According to the ABS, transport prices added 9.2 per cent to costs, primarily due to a 32.8 per cent surge in monthly automotive fuel prices.

Before the start of the war on February 28, about a fifth of the world’s oil and gas supply was shipped through the Strait of Hormuz, but various blockages sent the price of fuel skyward.

At the same time, these businesses received a secondary blow, as the Reserve Bank of Australia lifted interest rates twice in the quarter by a total of 50 basis points, taking the cash rate to 4.10 per cent.

Xero economist Louise Southall told NewsWire March’s spending data followed a strong lead in at the end of 2025.

“Certainly the picture at the moment is small businesses have made a solid start to the year,” she said.

“For the first four weeks (since the conflict started) people are still spending in small businesses. There still seems to be a bit left over after they fuel up their car, which is great news.”

Despite the strong start to start, Ms Southall warns there is still so much uncertainty due to the Middle East crisis.

“People sometimes miss small businesses cop a double blow from an inflation spike – in this case a fuel price spike – because they get hit on both the cost side and also the demand side,” she said.

Despite the strong start to the quarter, Ms Southwall is also flagging the transport and logistics industries have been impacted, which could flow through to other parts of the economy. .

“We can see that small businesses that provide passenger and freight services have already been impacted by higher fuel prices,” she said.

“We are now watching closely to see if and how this inflationary impact bleeds into small businesses providing other goods and services in the coming months and how higher prices could affect overall business activity.”

Xero – who based the results on real anonymised and aggregated spending data and monitored ABS statistics – says much of the growth was in construction, healthcare and financial services.

“Construction has been a sector that gathered momentum last year into this year due to government policies at both state and federal levels are really focusing on improving housing supply,” she said.

“Looking ahead, they can be heavily impacted by the second round of the fuel price spikes, so we will have to see how higher interest rates play out on the demand side and how that interacts with supportive supply side policies in that sector.”

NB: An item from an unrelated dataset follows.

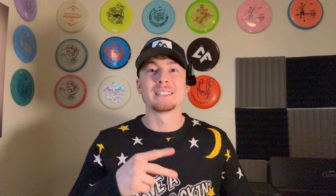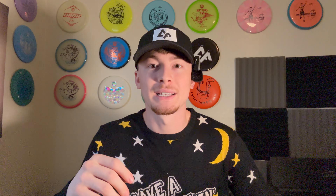For number two, I've got a disc golf towel. A disc golf towel is very useful, especially the ones that clip onto the bag. They're useful just to dry off the disc whenever it gets wet. A lot of the time when we go out and play, the grass could be wet or it could be raining. So having that disc golf towel is definitely a necessity. They range in price from probably $10 to $30. I'm going to have everything linked below, so if you find something here that you like, it will be in the description.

Meanwhile, the healthcare sector has mainly been driven by the National Insurance and Disability Scheme (NDIS).

Ms Southall said Australian small businesses have fared better to the initial oil price crisis, continuing a strong run for locals over other countries including the US, UK, Canada and New Zealand.

“Australia didn’t rate interest rates as much as other countries did, so as a result of this we didn’t have the same economic slow down as say New Zealand has had.

“Also if we look at somewhere like Canada, they are heavily impacted by US trade policy, which we have been protected from.”